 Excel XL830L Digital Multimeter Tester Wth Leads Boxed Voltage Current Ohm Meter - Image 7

...

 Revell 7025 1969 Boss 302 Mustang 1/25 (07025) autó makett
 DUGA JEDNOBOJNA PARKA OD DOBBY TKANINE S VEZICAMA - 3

==

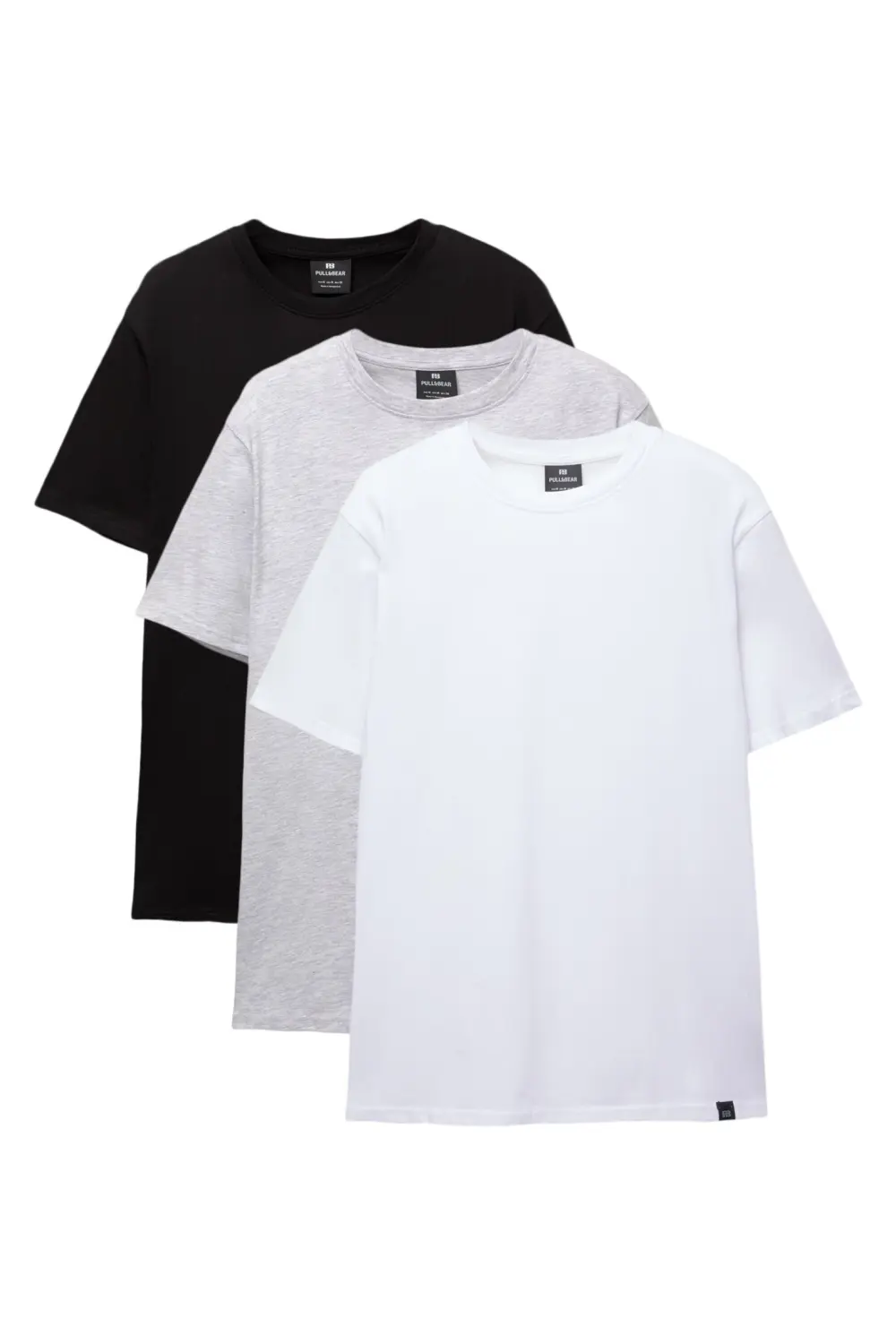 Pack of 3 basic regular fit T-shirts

What you are asked to do: Your answer should be the exact lines above from the one with "Revell 7025 1969" through the one with "DUGA JEDNOBOJNA PARKA", both included, and nothing besides.

Output:
 Revell 7025 1969 Boss 302 Mustang 1/25 (07025) autó makett
 DUGA JEDNOBOJNA PARKA OD DOBBY TKANINE S VEZICAMA - 3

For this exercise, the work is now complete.